Sabirs Schicksal ist einer von diversen Fällen aus Grossbritannien, Deutschland und Frankreich, welche die Filmemacherin Marita Neher in ihrem Buch schildert. Allen Betroffenen ist gemeinsam, dass sie als «Terrorverdächtige » zum Teil in wochenlanger Untersuchungshaft bleiben mussten. Anstelle von Beweisen reichte den Ermittlern ein diffuses Verdachtsprofil. Zum Beispiel: Junger Mann, Muslim, häufiger Moscheebesuch, Wissenschaftler, Besuch von islamistischen Internetforen, klandestines Verhalten (ausgeschaltetes Handy), Gegner des Afghanistan-Krieges.
Neher, die für das Buch ihre 2011 ausgestrahlte Dokumentation «Freiheit oder Sicherheit» ausgebaut hat, ist nach ihren Interviews zur Überzeugung gelangt, dass unrechtmässige Festnahmen und zweifelhafte Verfahren auch in westeuropäischen Demokratien möglich sind, wenn es um den Vorwurf des Terrorismus geht. Eindrücklich gelingt es ihr aufzuzeigen, dass dem einzelnen Verdächtigen ein Konglomerat aus Polizeiabteilungen, Geheimdiensten, Koordinationsgremien und Forschungsgruppen gegenübersteht. Diese stehen unter Druck, «Ergebnisse» vorzuweisen, um sich selbst zu legitimieren.

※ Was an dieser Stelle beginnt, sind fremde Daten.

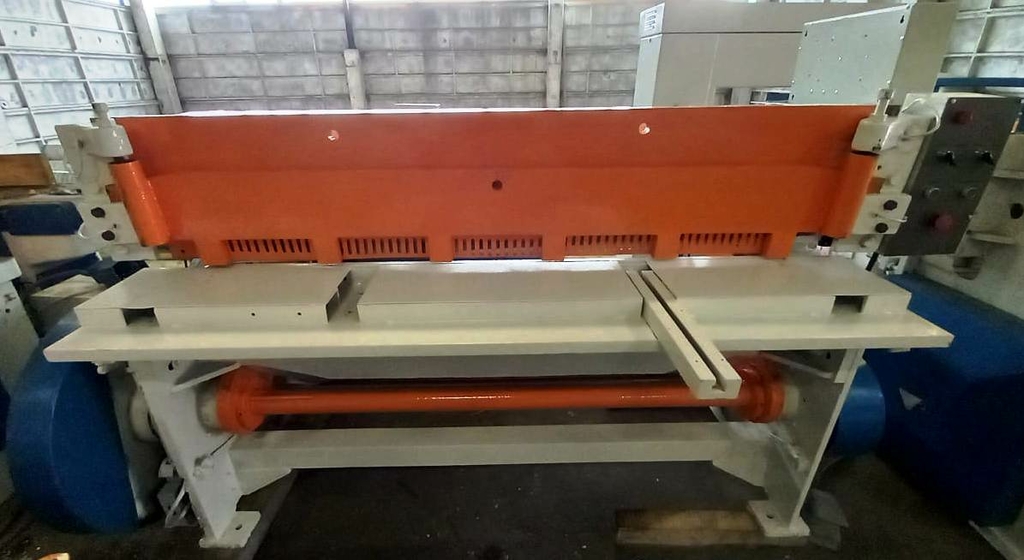 Ножницы гильотинные механические 4х1600мм б/у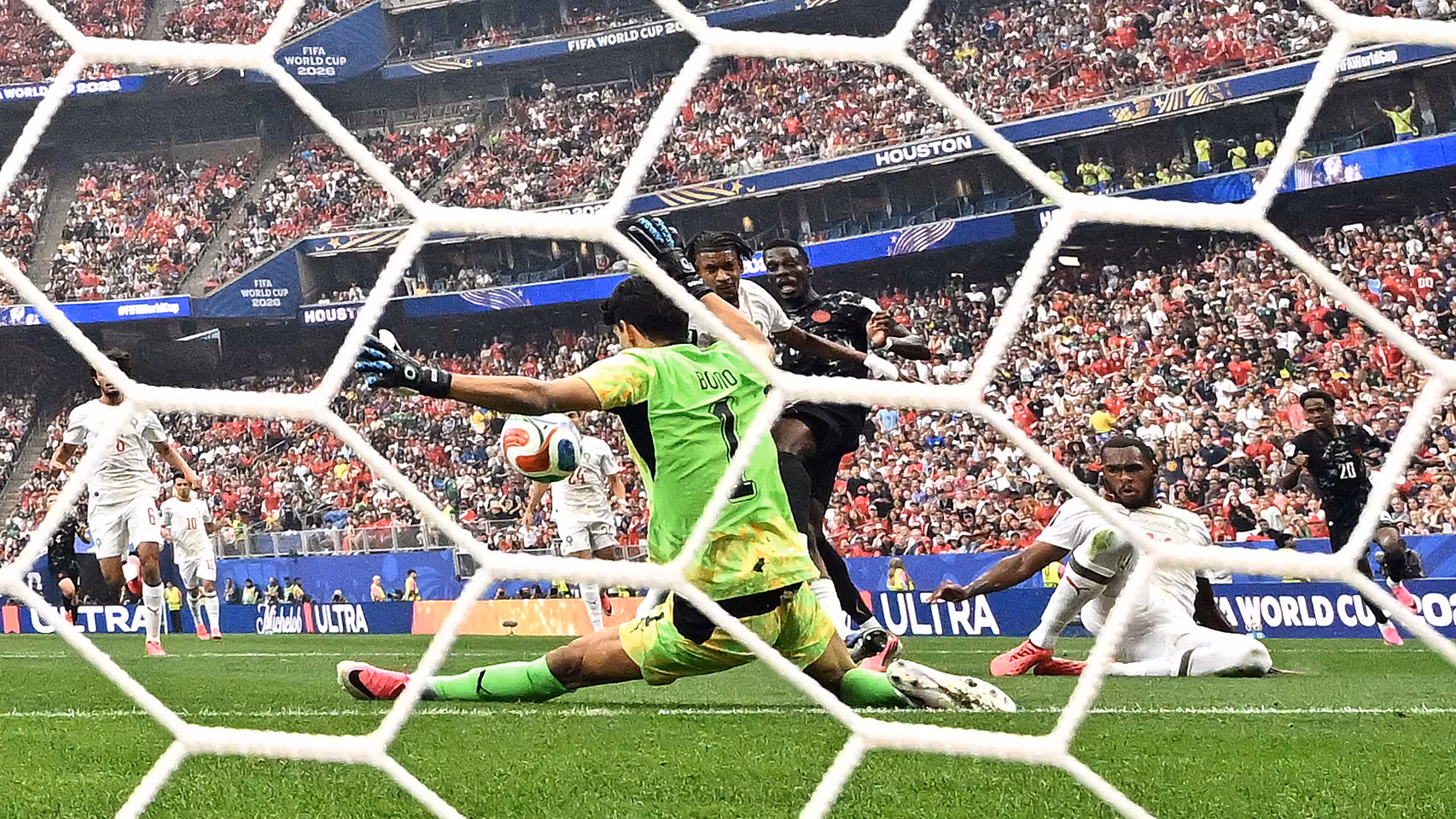 Bono parando el balón en el partido contra Canadá.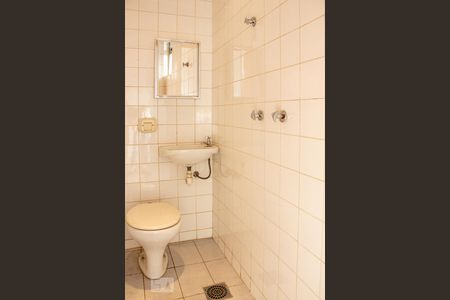 Apartamento para alugar com 89m², 3 quartos e 1 vaga Apartamento para alugar com 89m², 3 quartos e 1 vagaBanheiro de Serviço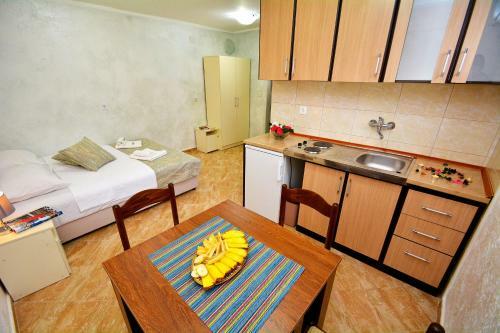Cattaroom Apartments
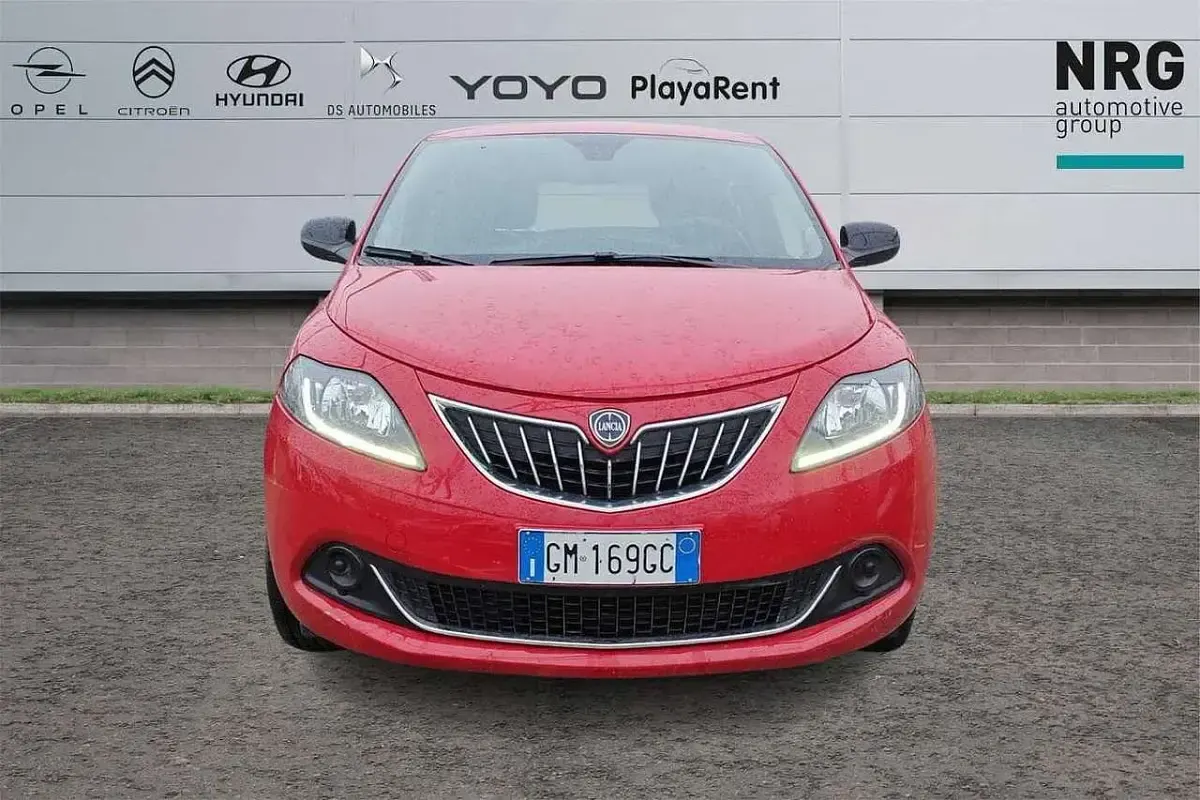 Usata Lancia Ypsilon Silver 69 CV (50 kW) 2023 Rosso Utilitaria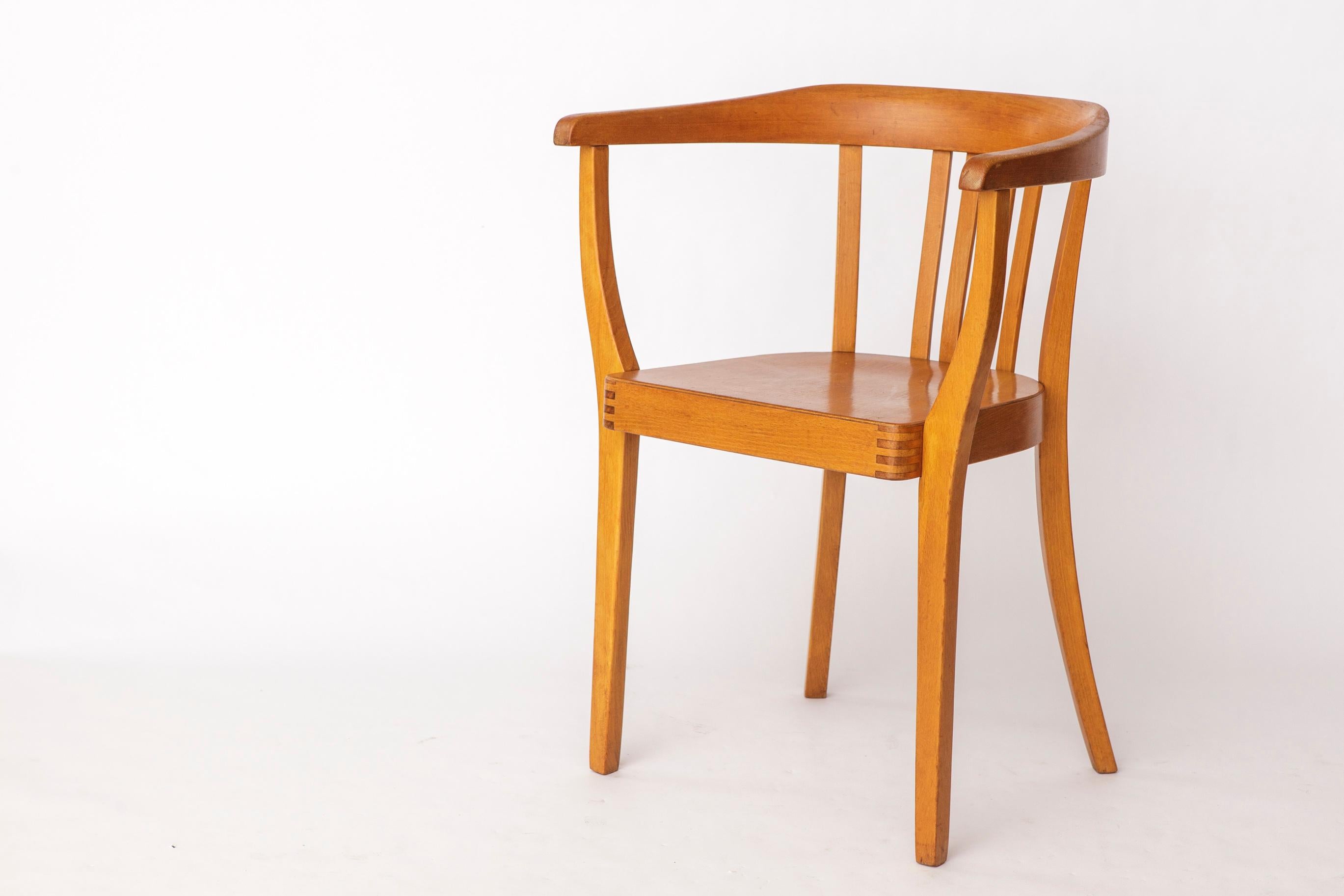 Mid-20th Century Vintage Beech Armchair – 1950s/60s German Chair – Restored Mid-Century Design For Sale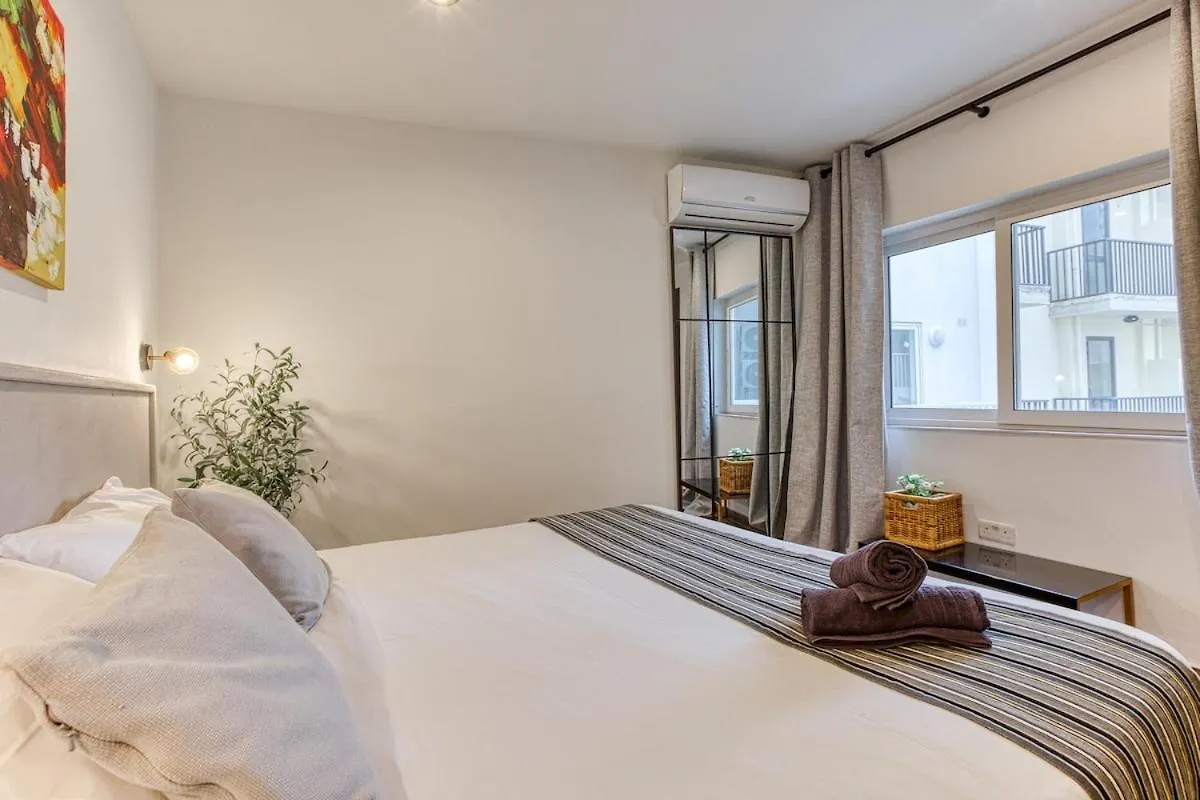 Stylish Apartment In The Heart Of The City Saint Julian's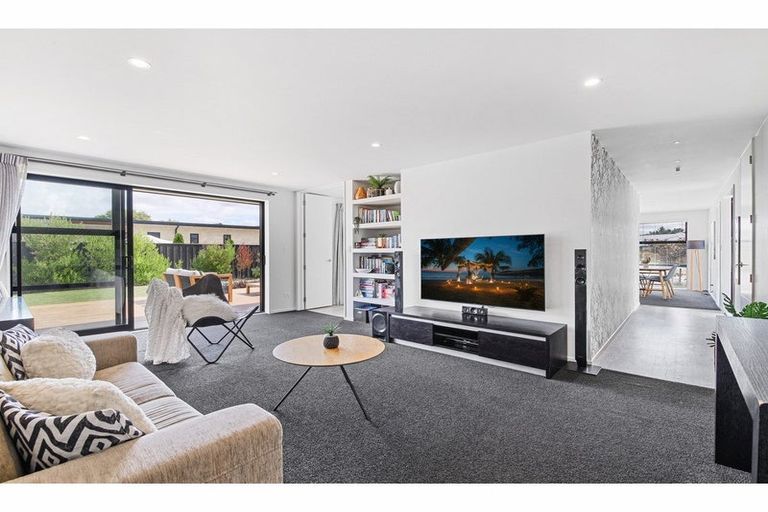 Photo of property in 21 Awa Place, Rangiora, 7400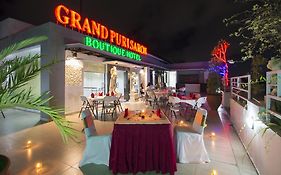 Grand Puri Saron Yogyakarta Hotel Exterior photo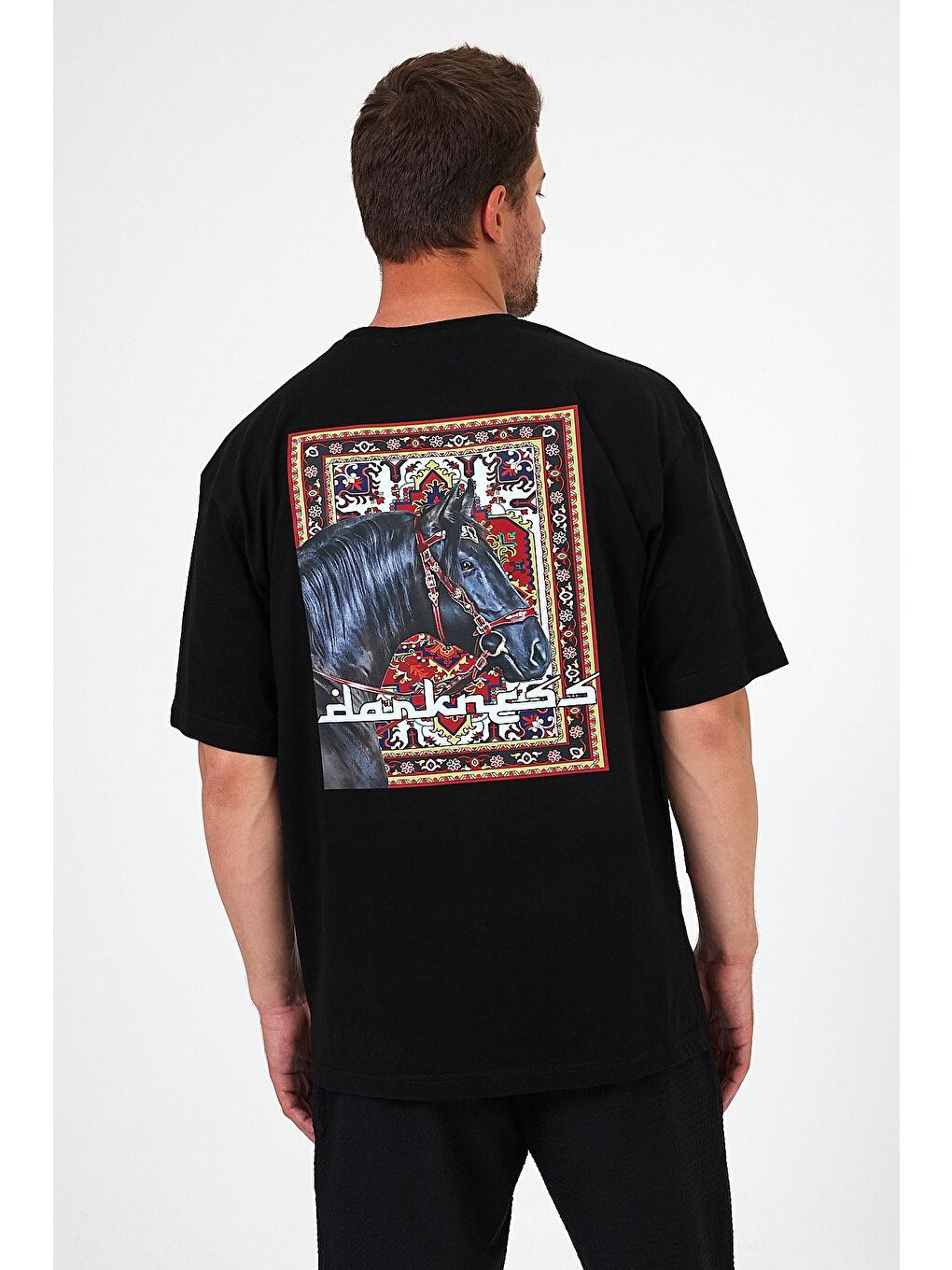 Siyah Oversize Fit Bisiklet Yaka %100 Pamuk Darkness Sırt Baskılı Erkek Tişört RF0384-4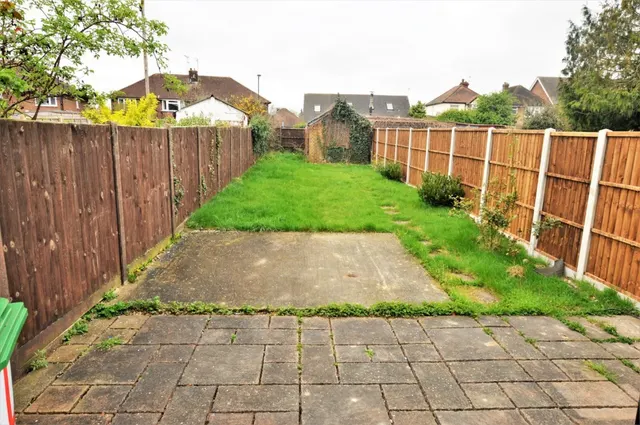 Photo 3 — Lewins Way , Slough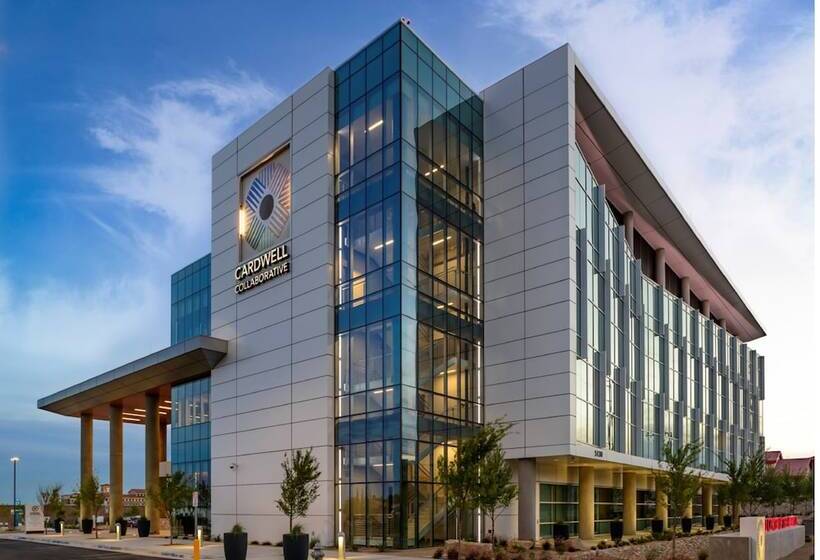 هتل Holiday Inn El Paso Airport, An Ihg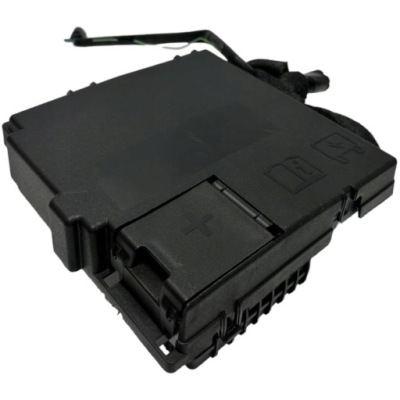Розподільник струму evoque l551 k8d2-14n073-ab фото №1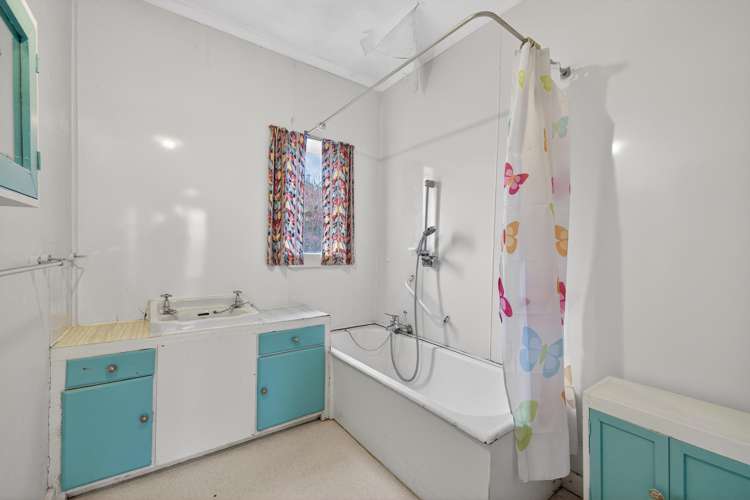 69 Hargood Street Woolston_12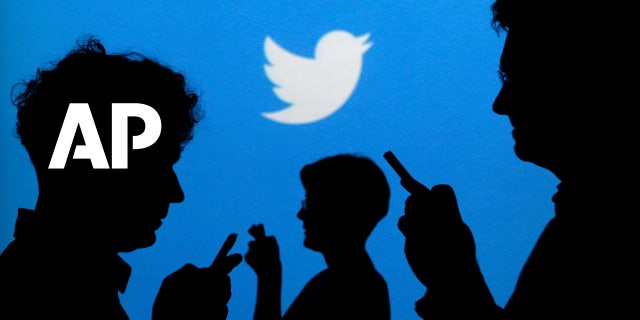 The Associated Press werd op Twitter op feiten gecontroleerd voor het claimen van de term "Latijn" verdeelt Iberiërs.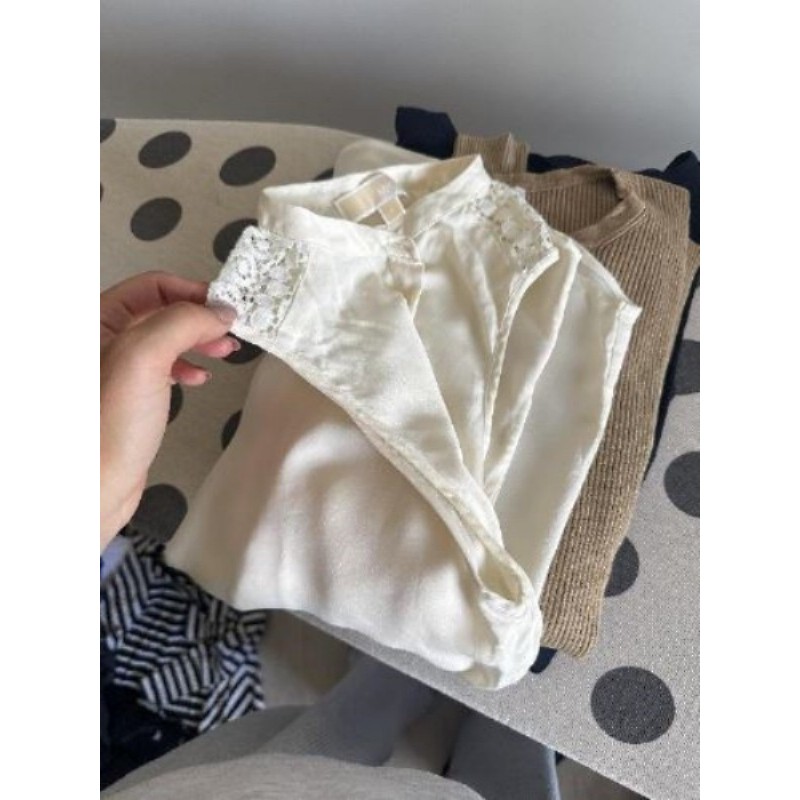 Chemise sans manches écru (prix d’origine: 185€)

Als roter Faden durch das Buch zieht sich der Appell der Autorin, Rechtsstaat und Meinungsfreiheit vor einem überbordenden Sicherheitswahn zu schützen. «Wir sollten aufpassen, dass wir uns in unserem Krieg gegen den Terror nicht die Ziele etwa der Salafisten zu eigen machen und selbst eine ‹völlige Umgestaltung der Gesellschaft› betreiben», warnt sie. Ihre deutliche und glaubwürdige Parteinahme für die Menschen- und Grundrechte lassen darüber hinwegsehen, dass Neher manchmal thematisch ausfranst, teilweise schwerfällig formuliert und beim Thema «Sicherheitsindustrie » eher oberflächlich bleibt. Einen guten Ausgangspunkt für die weitere Lektüre bildet das mit einem umfangreichen Quellenverzeichnis ausgestattete Buch allemal.
Von Boris Bögli
Marita Neher: Albtraum Sicherheit. Interessen und Geschäfte hinter der Sicherheitspolitik. Fischer Verlag, Frankfurt a.M. 2013. Ca. Fr. 25.90.